Связан же сам факт подобного вытеснения, как мне кажется, еще и с искажением религиозного сознания в нынешнюю эпоху, с тем, что человек не только боится своей телесной смерти, но и страдает из-за разобщенности своего посмертного существования (ничем не подтвержденного в нерелигиозную эпоху) с источником жизни и жизненного смыслонаделе-ния («социальное отсутствие смерти тождественно социальному отсутствию жизни», — по мысли Г. Дебора[254])[255].

Единственная смерть, которая становится достоянием общественного сознания, не скрывается от обывателя («жителя санатория» по Лимонову), — это смерть знаменитостей. Но в этом случае вряд ли можно говорить об истинной природе этой смерти, так как она, будучи частью тотального «звездного» шоу, разыгрываемого перед обывателем, предстает неким симулякром, своеобразным медийным продуктом. Это еще более девальвирует смерть, до такой степени, что обыватель попросту перестает воспринимать смерть — и от этого смерть каких-нибудь повстанцев или смертников в «горячих точках планеты» представляется обывателю не только ничем не оправданной, но и просто нереальной, абсурдной, в духе той «телевизионной войны», о которой писал Бодрийяр в связи с первой войной США в Ираке.

В произведениях Лимонова позднего периода, написанных им во время его тюремного заключения, можно обнаружить, хоть и латентно-примитивный, метафизический аспект отношения к смерти, свойственный Мисиме времен «Моря изобилия». Так, Лимонов замечает походя: «Нашим Богом будет тот, кто даровал нам смерть. Может, нашим Богом будет Смерть»[256].

Вообще «тот, кто даровал нам смерть», в христианской традиции был бы однозначно воспринят как Сатана, но элементов сатанизма у Лимонова не присутствует. Ситуацию избрания себе Богом «дарителя смерти» и саму смерть лучше всего описывает термин апостасия[257] — богооставленность, безблагостность, что предполагает в индивидууме отсутствие ощущения интегрированности в жизнь и, особенно, в ее источник, отсутствие экзистенциальной умиротворенности как таковой, развитие духовного нигилизма («тайны беззакония»). Апостасийность же является, на мой взгляд, одной из генеральных характеристик отношения индивида с миром прекрасного.

Свою позднюю эстетическую концепцию Мисима строил исходя во многом из буддийской концепции мироздания. У Лимонова можно найти что-то подобное.

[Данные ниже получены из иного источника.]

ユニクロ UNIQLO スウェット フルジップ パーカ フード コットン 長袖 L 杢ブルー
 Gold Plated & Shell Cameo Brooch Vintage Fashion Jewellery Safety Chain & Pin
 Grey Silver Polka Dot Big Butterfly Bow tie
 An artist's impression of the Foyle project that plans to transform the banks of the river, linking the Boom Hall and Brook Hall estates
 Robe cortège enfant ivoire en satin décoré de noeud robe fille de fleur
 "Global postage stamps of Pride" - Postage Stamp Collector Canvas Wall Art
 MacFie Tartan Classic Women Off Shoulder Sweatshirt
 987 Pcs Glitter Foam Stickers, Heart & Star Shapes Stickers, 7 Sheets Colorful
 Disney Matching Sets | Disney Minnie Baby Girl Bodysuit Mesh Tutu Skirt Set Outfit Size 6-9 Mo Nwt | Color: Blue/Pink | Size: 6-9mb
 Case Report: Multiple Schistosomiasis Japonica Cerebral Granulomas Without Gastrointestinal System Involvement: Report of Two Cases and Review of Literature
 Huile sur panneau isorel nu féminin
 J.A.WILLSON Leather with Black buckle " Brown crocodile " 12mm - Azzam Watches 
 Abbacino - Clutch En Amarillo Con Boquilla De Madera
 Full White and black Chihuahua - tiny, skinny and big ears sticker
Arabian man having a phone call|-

Это, например, полное приятие смерти, включение ее как элемента в мир «колеса сансары», в котором вынужден вращаться человек. Уже в романе «Укрощение тигра в Париже» Лимонов писал о том, что «умереть хорошо». В поздней книге «В плену у мертвецов» Лимонов развивает эту мысль: «В тлении и исчезновении нет ничего страшного, это лишь формы бытия, формы существования, и только»[258].

Эти «формы существования» взаимосвязаны, пронизывают друг друга. В том же «Укрощении» встречается строчка: «…смерть должна витать свободно и легко среди человеков…»[259].

У Мисимы тема тесной взаимосвязи, взаимного влияния мира мертвых и мира живых нашла отражение в сцене из романа «Весенний снег», где высказывалось предположение, что мертвые с небес наблюдают за миром живых, выносят свои суждения относительно поступков живых. Мотив «диалога» мертвых и живых находит у Лимонова соответствие в мотиве разговоров с Иосифом Бродским. В книге «В плену у мертвецов» часть главы «Разговор с русской интеллигенцией» посвящена воображаемому разговору заключенного Лимонова с Бродским, говорящим с ним «с того света». Интересен не сам факт этого «диалога», сколько вопрос Лимонова, «интересно ли» «там», и ответ Бродского: «Мгла какая-то серая. Слышатся шорохи, шаги, свет <…>. Мы возникаем только вследствие сильного импульса от вас, живых. Мы — в вашем представлении, вы — в нашем. Ну то есть как в связи по рации»[260].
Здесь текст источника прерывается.